Every line of the data below is to be given again as it appears, with the images removed.

[Input records — start]

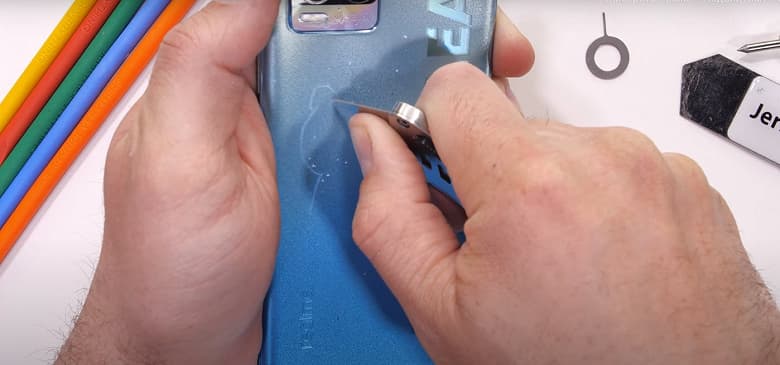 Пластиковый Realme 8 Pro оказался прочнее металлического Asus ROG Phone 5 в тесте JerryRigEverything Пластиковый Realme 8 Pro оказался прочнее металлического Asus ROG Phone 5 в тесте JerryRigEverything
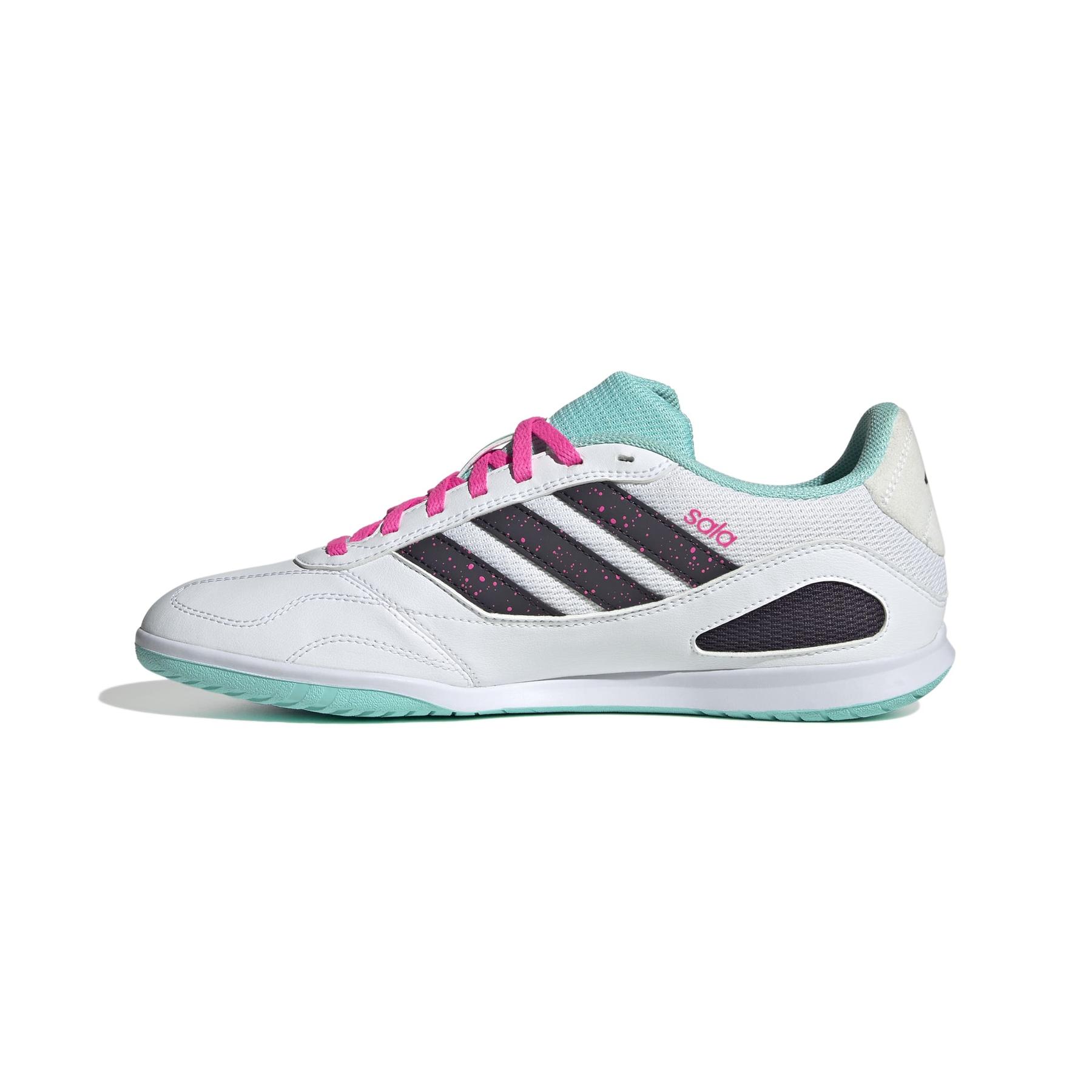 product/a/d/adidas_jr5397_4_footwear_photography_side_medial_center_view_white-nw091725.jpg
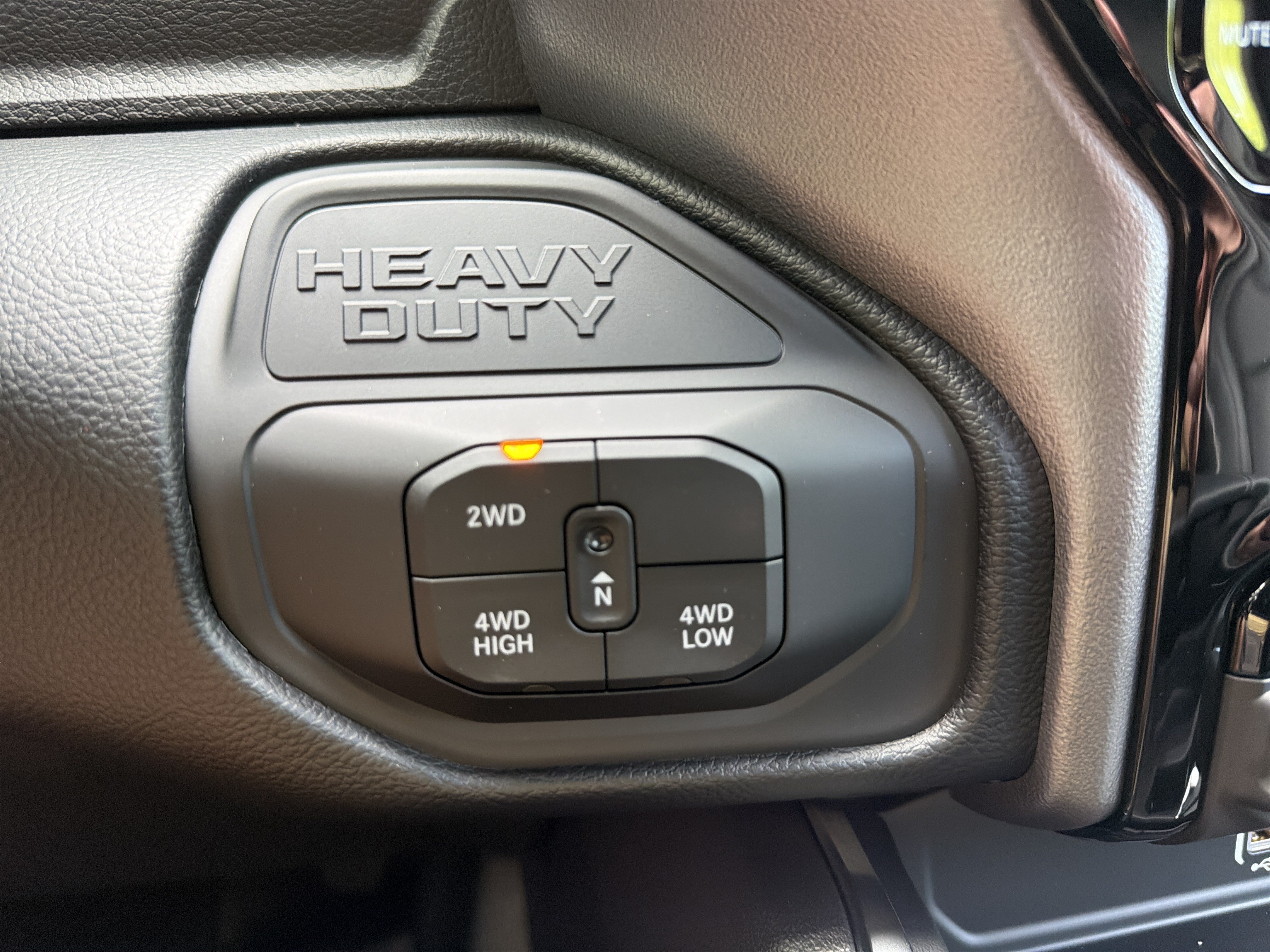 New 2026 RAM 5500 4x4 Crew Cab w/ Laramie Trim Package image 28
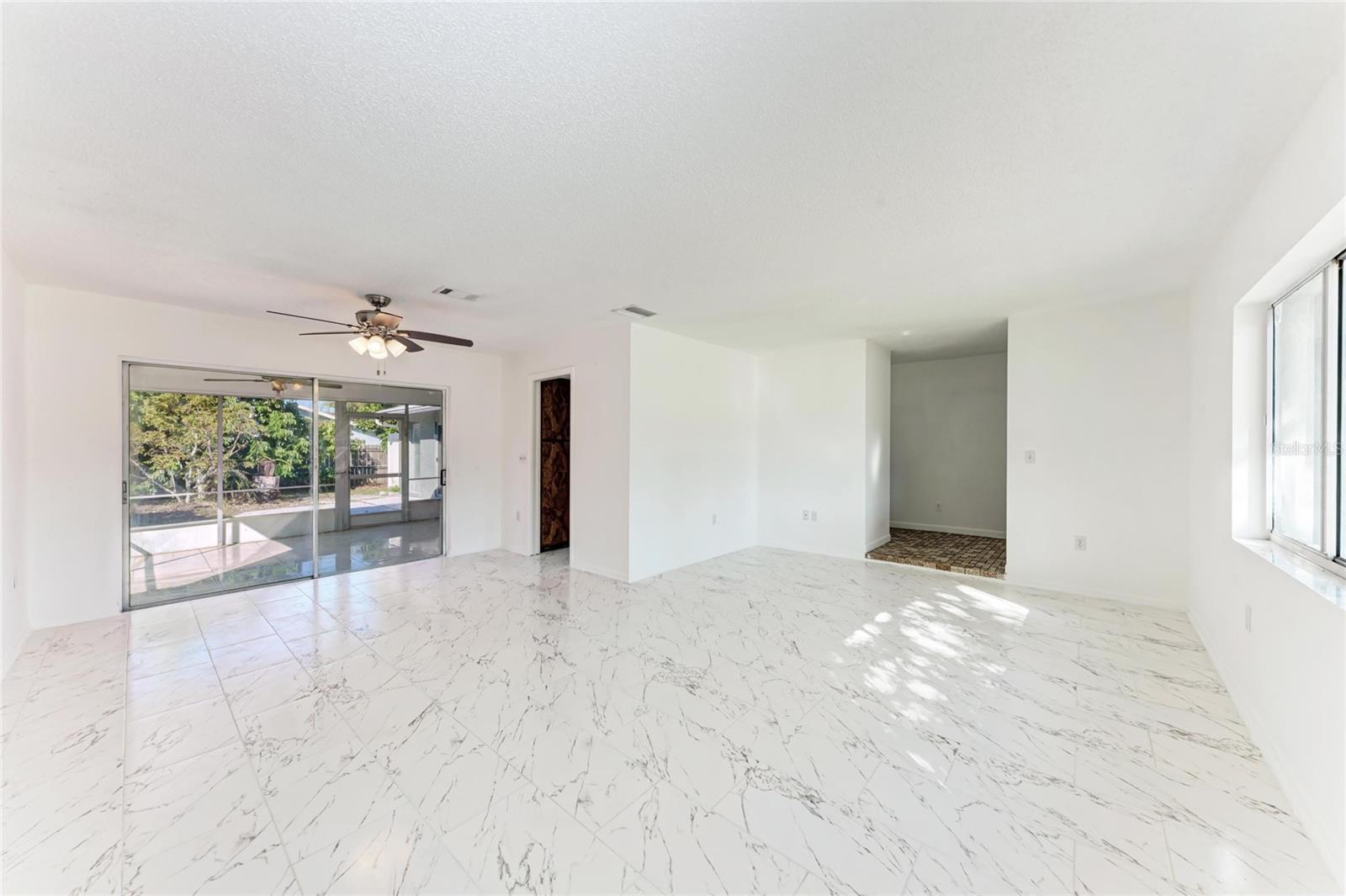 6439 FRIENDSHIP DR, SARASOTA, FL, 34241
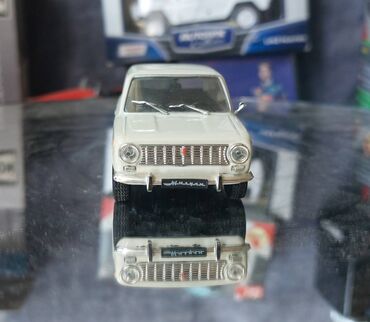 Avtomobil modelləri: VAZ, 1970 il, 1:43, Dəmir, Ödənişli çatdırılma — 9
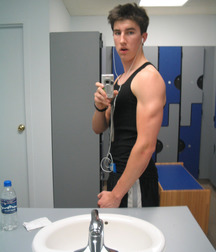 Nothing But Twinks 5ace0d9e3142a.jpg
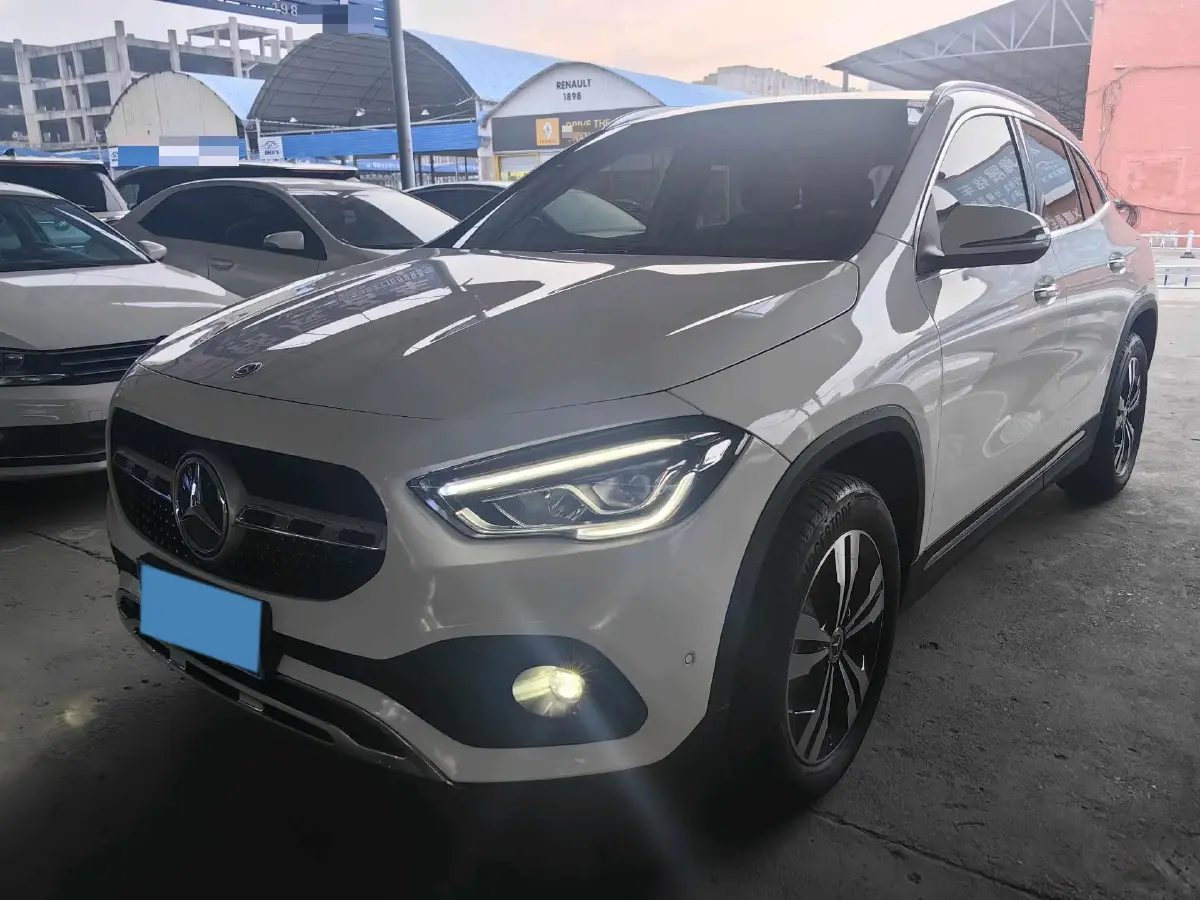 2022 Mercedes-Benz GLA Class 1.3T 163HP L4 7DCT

[Input records — finish]

Solution to the exercise
 Пластиковый Realme 8 Pro оказался прочнее металлического Asus ROG Phone 5 в тесте JerryRigEverything Пластиковый Realme 8 Pro оказался прочнее металлического Asus ROG Phone 5 в тесте JerryRigEverything
 product/a/d/adidas_jr5397_4_footwear_photography_side_medial_center_view_white-nw091725.jpg
 New 2026 RAM 5500 4x4 Crew Cab w/ Laramie Trim Package image 28
 6439 FRIENDSHIP DR, SARASOTA, FL, 34241
 Avtomobil modelləri: VAZ, 1970 il, 1:43, Dəmir, Ödənişli çatdırılma — 9
 Nothing But Twinks 5ace0d9e3142a.jpg
 2022 Mercedes-Benz GLA Class 1.3T 163HP L4 7DCT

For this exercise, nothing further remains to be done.